Under the high speed of constructions of architecture, infrastructure and urban projects, urban spaces are turned into a big concrete and iron hero, however, leaving severe ecological issues. Among those problems, stormwater is a definitely obvious and troublesome issue. Fortunately, more concerns are taken into consideration in regard to sustainable water circulation, that “lie in a better understanding of the nature of the places we live in” (Hough, page 85).
Changes of surface pattern by human’s conquer of urban causes storm water flooding. “Asphalt and concrete replace the soil, buildings replace trees, and the catchbasin and storm sewer replace the streams of the natural watershed” (Hough, page 30). My hometown, Wuhan is a live example of the disaster. Wuhan is a city with numerous lakes and two rivers passing through, Yangzi River and Han River. Since more people rushed to the city, more development of economy and housing have been undergoing. As a result, a great portion of lakes is filled into land for construction, that soft and ecological surface is turned into a hard and mechanical output. Great construction, however, leads to severe flooding during rainy season. In the past August, many places in the city kept being drawn for several days. My aunt and uncle could not even get out for work due to the serious water pooling in front of their apartment. Construction does make our life more convenient and civilized but also set ourselves somehow against to nature.

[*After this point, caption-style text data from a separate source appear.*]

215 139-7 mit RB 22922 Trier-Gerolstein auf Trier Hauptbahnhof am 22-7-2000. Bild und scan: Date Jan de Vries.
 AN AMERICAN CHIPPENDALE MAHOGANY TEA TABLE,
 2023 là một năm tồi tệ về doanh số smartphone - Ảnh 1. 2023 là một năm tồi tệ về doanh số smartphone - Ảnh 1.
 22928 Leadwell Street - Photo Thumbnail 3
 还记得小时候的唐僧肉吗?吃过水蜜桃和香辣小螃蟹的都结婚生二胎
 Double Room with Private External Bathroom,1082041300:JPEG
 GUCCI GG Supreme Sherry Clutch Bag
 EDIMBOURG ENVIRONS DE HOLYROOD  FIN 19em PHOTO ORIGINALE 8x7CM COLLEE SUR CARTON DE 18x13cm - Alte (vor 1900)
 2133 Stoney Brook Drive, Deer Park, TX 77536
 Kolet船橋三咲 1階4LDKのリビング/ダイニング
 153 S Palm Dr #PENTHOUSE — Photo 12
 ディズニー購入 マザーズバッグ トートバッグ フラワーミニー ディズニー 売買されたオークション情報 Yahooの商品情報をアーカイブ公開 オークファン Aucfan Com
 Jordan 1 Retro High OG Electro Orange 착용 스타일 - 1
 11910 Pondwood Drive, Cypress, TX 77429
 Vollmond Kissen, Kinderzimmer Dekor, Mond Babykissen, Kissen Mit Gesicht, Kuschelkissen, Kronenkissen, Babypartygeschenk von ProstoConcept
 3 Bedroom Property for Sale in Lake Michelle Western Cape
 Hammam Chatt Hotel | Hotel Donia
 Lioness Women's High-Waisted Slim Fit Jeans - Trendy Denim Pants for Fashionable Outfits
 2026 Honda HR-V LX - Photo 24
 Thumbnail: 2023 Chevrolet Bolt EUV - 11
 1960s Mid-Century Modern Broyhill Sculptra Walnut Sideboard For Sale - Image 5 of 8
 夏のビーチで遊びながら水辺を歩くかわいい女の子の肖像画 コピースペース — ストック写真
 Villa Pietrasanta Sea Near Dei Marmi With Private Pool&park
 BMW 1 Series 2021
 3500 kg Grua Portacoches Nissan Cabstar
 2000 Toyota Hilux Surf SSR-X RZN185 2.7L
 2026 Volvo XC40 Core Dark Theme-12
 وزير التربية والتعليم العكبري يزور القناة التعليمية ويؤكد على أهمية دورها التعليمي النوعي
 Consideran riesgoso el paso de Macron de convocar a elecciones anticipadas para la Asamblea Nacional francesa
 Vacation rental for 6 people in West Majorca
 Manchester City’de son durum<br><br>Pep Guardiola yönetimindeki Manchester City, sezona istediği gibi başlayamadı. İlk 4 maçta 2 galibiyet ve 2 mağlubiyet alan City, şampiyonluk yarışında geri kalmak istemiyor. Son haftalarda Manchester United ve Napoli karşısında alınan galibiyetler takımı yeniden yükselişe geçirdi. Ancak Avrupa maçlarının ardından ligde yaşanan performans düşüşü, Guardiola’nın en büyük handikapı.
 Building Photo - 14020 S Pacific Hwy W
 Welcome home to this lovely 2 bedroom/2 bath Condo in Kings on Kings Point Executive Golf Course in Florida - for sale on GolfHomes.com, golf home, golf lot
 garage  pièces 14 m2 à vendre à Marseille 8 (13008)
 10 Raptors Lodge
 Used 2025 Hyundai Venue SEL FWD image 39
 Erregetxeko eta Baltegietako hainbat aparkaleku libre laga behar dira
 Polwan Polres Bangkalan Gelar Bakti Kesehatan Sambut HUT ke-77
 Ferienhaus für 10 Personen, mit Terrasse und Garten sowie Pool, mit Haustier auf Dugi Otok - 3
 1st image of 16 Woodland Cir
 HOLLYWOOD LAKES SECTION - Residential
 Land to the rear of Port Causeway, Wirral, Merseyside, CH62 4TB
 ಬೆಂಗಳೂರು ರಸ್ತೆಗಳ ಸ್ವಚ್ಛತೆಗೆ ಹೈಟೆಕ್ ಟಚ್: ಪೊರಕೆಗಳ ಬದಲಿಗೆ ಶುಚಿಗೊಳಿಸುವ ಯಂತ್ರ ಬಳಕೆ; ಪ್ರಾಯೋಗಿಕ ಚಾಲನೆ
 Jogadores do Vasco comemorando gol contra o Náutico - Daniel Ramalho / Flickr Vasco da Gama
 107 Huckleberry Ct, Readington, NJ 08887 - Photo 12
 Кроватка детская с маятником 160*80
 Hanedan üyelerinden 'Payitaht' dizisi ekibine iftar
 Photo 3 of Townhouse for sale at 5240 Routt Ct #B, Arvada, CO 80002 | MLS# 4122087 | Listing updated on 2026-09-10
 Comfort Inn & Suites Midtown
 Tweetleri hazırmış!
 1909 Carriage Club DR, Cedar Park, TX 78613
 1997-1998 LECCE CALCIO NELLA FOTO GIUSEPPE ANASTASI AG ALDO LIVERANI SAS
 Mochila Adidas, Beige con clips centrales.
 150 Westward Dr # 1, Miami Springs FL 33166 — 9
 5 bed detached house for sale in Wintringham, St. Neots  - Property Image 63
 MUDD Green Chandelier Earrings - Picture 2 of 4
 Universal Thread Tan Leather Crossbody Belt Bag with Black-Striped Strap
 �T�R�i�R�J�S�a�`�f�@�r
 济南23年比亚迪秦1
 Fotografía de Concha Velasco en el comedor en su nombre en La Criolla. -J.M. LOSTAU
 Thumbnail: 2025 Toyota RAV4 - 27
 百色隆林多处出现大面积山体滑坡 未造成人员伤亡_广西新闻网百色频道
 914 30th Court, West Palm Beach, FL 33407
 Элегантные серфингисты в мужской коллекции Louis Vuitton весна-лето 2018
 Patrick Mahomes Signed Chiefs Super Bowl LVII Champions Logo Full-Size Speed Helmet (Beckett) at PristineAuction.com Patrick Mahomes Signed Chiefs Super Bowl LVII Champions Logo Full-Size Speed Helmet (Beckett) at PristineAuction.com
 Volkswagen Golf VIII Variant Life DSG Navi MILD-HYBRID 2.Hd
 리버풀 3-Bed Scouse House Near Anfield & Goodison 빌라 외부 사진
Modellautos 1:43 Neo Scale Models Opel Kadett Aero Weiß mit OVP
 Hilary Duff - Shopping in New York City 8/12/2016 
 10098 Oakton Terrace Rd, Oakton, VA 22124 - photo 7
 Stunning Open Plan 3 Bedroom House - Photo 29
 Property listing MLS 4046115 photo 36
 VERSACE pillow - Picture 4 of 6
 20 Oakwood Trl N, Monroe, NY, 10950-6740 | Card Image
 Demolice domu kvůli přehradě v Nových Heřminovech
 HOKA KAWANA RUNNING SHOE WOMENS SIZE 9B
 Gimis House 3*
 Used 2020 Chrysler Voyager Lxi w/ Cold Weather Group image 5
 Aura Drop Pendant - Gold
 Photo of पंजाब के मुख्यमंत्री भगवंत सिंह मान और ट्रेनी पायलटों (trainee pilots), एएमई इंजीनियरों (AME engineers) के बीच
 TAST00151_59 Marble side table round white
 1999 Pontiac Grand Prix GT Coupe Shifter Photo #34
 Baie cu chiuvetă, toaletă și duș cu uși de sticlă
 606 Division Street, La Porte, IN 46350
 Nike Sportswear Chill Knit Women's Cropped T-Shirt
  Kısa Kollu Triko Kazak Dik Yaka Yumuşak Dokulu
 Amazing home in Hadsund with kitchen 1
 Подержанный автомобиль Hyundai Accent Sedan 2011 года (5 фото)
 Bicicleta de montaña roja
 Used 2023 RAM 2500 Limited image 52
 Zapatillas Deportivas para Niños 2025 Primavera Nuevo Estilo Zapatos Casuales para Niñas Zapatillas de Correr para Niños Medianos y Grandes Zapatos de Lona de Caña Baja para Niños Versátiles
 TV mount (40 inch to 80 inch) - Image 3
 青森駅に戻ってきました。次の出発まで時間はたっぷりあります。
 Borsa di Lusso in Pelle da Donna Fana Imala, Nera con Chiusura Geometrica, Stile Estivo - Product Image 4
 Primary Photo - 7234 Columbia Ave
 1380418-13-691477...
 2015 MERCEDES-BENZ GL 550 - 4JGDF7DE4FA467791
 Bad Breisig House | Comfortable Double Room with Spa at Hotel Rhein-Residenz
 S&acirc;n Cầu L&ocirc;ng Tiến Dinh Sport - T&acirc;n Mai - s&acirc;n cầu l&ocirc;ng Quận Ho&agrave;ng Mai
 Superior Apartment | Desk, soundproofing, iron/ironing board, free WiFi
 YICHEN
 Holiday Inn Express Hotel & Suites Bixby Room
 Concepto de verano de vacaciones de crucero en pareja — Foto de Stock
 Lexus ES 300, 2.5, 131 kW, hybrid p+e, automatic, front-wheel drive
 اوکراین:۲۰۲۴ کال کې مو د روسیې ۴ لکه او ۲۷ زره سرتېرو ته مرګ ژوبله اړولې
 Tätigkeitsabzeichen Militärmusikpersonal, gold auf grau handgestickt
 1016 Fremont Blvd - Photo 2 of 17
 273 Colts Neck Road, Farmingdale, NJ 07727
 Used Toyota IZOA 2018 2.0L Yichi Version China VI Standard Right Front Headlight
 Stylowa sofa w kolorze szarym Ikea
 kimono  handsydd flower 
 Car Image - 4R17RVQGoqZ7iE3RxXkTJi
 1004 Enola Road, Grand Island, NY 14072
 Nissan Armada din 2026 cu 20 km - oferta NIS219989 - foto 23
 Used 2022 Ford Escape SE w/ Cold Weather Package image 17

Nevertheless, it is pleasant to see perspective towards nature is changing, that innovative ideas have been proposed in order to solve storm water flooding. For example, a recent concept of “Sponge City*” is well implemented in Qiaoyuan Park by Kongjian Yu in Tianjin, China. He transformed the garbage dump into an urban park with wetland, small rivers, clusters of trees and grass, where people can hang out, chat, take photos and rest. When it rains heavily, the natural circulation system can observe water flows to decrease run-off water in a large amount. The park not only serves as an ecological modification system but also changing the relationship between nature and human into an interactive harmony.
* Sponge City: a conceptual idea same as low impact developing system, proposed by Kongjian Yu.
Hough, M. (2004). Cities and Natural Process. In M. Hough, Cities and Natural Process (pp. 5-25). London: Routledge.